Ainda que o título possa sugerir um romance autobiográfico, o livro 'Cartas a um Homem Negro Que Amei' também é um romance histórico do tempo presente. Narrado na primeira pessoa da autora, a filósofa e socióloga Fabiane Albuquerque oferece-nos com seu belíssimo texto uma interpretação da história do Brasil no século 21 calcada em aspecto genuíno: o ponto de vista de uma mulher negra que escreve e reflete sobre sua história de forma integrada à história nacional. Com uma emocionante trajetória que se inicia em 1980 na cidade de Contagem e no sertão de Minas Gerais, em Corinto, em uma família que tal qual Carolina Maria de Jesus migra para São Paulo em busca de condições humanas e dignas de existência, Fabiane encontra na Igreja Católica a chance de criar novas possibilidades de existência. Possibilidade esta que após anos dedicados ao noviciado mostram-se inviáveis dadas as contradições, conflitos e assimetrias de gênero, raça e classe, alimentadas e naturalizadas pelo catolicismo ao longo dos cinco séculos de história do Brasil. Proclamada sua autolibertação da 'vocação religiosa', percorremos com a autora diversos processos de construção de subjetividade de mulheres negras: o acesso à universidade atravessado pelas opressões patriarcais que impregnam a maternidade, o casamento e os seus sonhos como uma jovem oriunda da classe trabalhadora. Seguindo a tradição feminista negra de colocar em primeiro plano a escrita na primeira pessoa, a autonarrativa de Fabiana dá-se através de correspondências com um professor universitário importante em sua vida: o homem negro que ela amou e que justamente por amá-lo revelou-lhe das formas mais intensas, sinceras e generosas o 'não-dito' do impacto do machismo e do patriarcado na história dos homens negros. Entre tantas belezas que constituem o romance, destaca-se a oportunidade de acompanhar o desabrochar de Fabiane como uma talentosa intelectual negra. Ativista, mãe, acadêmica, pesquisadora que, comprometida com as lutas por paz, justiça e igualdade, ensina-nos a entender mais a fundo a importância dos governos democráticos na história recente do Brasil.

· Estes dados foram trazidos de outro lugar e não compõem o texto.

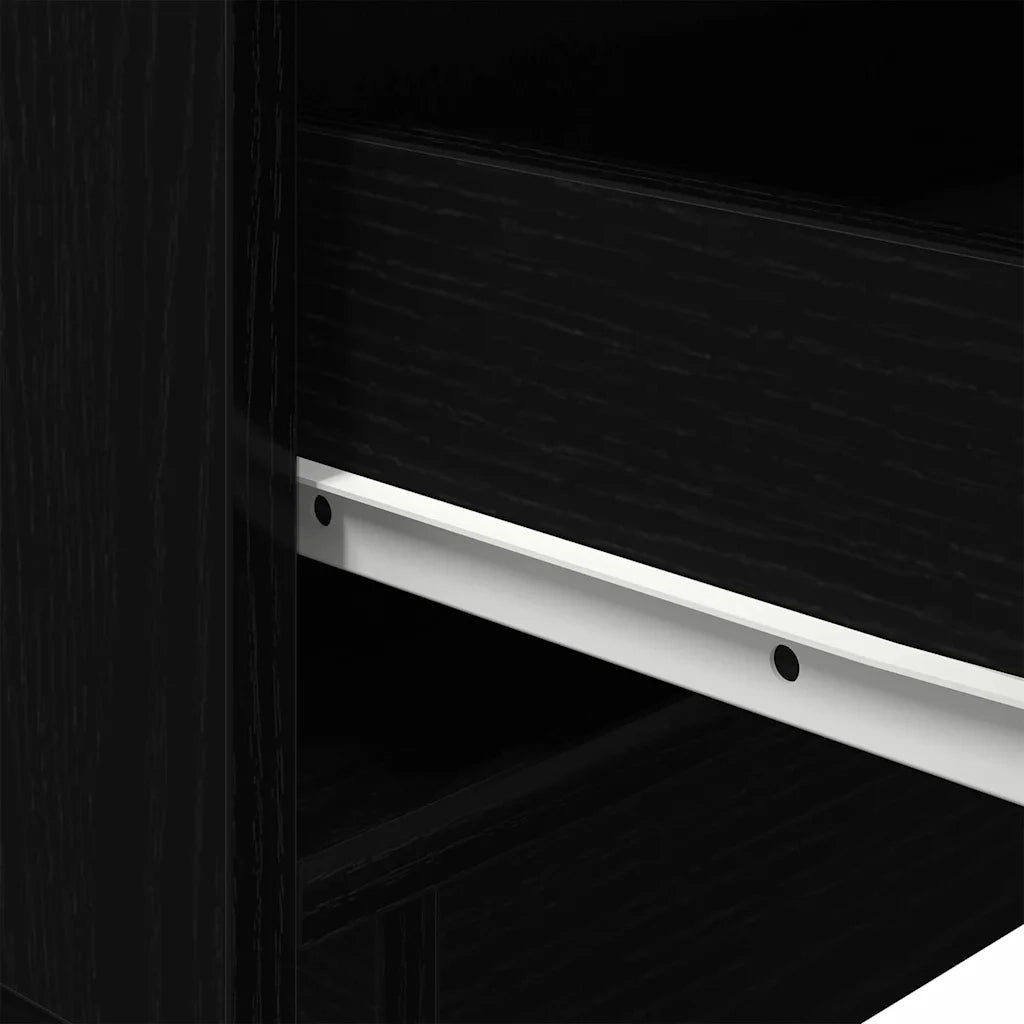 Comodino | Armadio da Notte | Mobiletto da notte Rovere Nero 45 x 40 x 55 cm Legno multistrato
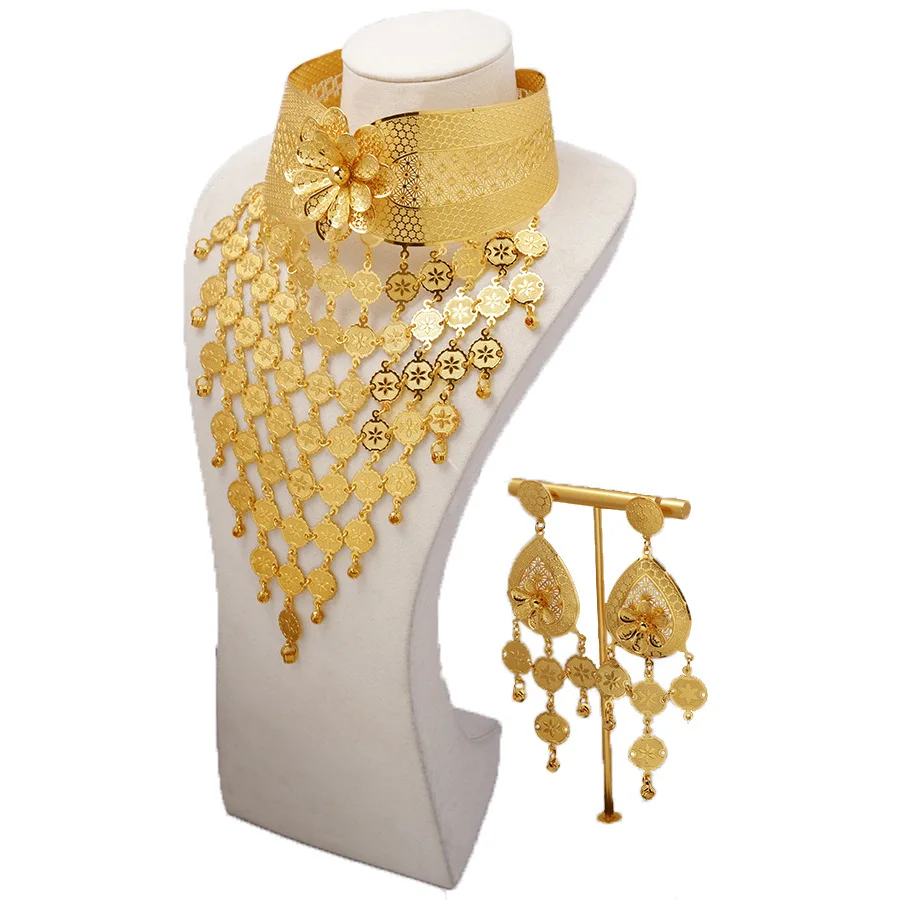 New 24K Gold Plated Bridal Wedding 2-piece Set Dubai Women's Earrings Necklace Fashion Jewelry Popodion   YY10478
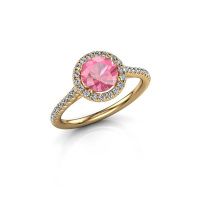 Image of Engagement ring seline rnd 2<br/>585 gold<br/>Pink sapphire 6.5 mm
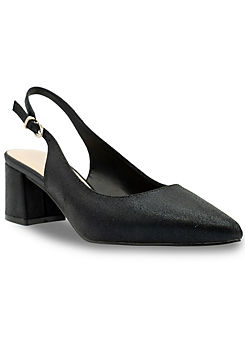 Paradox London Black Shimmer Wide Fit Mid Block Heel Sling Back Court Shoes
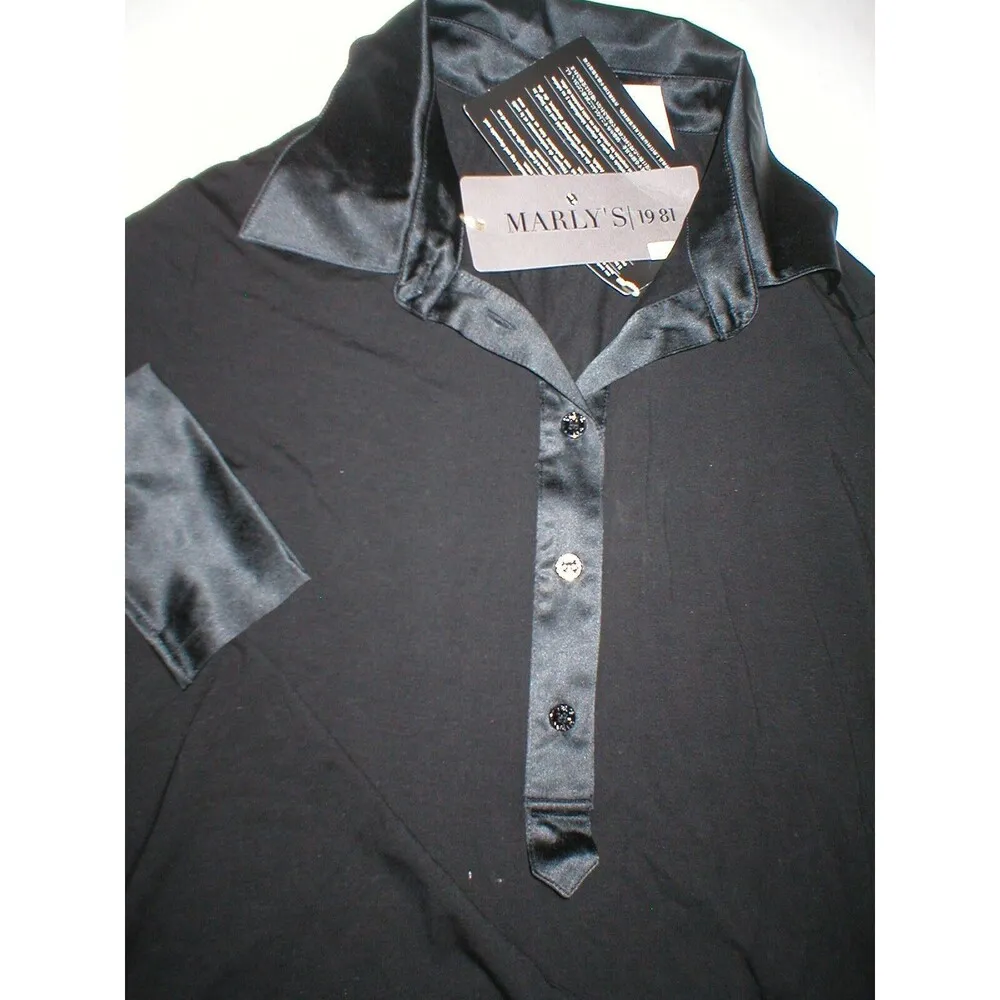 NWT New Womens Italy 48 Designer Marly's 19 81 Viscos Silk Polo Top Black 14 M L Size M - Image 6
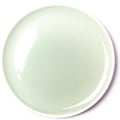 Empty pastel green plate on white background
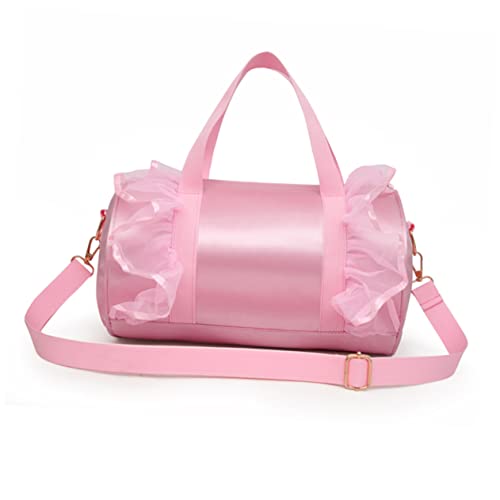GAROZATION Mädchen Balletttasche Schultertasche Mit Großer Kapazität Für Tänzerinnen Süße Umhängetasche Für Ballettschuhe Und Tanzutensilien Rosa Mit Spitzendetails von GAROZATION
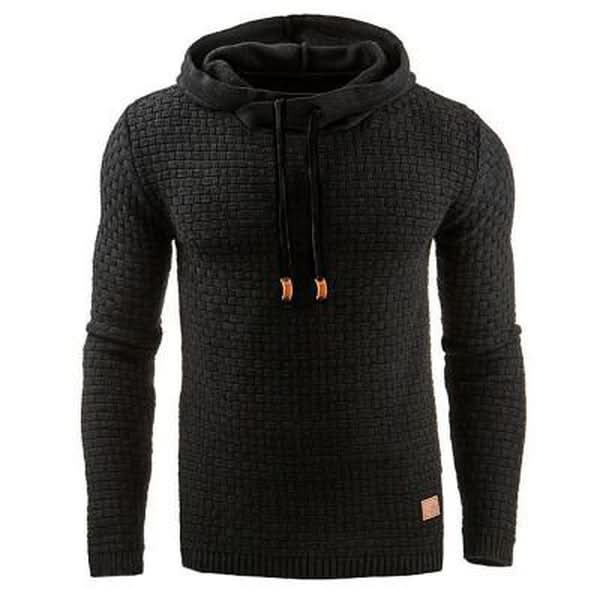 Sweat à capuche homme en maille gaufrée avec poignets à passe-pouce et coupe slim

Ao embarcar no romance histórico Maréia – nome que poeticamente ilustra os encontros do mar com a areia, entendemos a grandiosidade de Miriam Alves. Escritora marcada pela inteligência e precisão necessárias à realização de pesquisas minuciosas capazes de forjar personagens que nos fazem compreender a história do nosso país de forma bela e profunda. O que mais chama atenção na obra são a criatividade e a ousadia da consagrada escritora para percorrer sincronicamente as histórias de uma família branca (Menezes & Albuquerque) e uma negra (Nunes dos Santos), com capítulos alternados para cada um dos clãs. Destaca-se, como ponto alto do livro, o investimento da autora de evidenciar em fartos detalhes, sem jogos de desqualificações e revanchismos, as pessoas brancas como poucas vezes são vistas: em detrimento da ideia de povo 'civilizado', na condição de seres humanos produtores de miséria, violência e desgraças de todas as ordens. Em um momento político marcado pela emergência de irrefreável agenda pública de debates sobre normatização da branquidade e seus privilégios, a escrita mar-areia de Miriam demole, com generosas doses de poesia e pesquisa, a ideia de que desumanização seria um problema do negro. Ao evidenciar com sofisticação teórica e sensibilidade poética a escrita autêntica de mulheres negras e de seus projetos políticos para o Brasil, afirmo que Maréia é clássico para compreender a nossa história sob novas luzes interpretativas.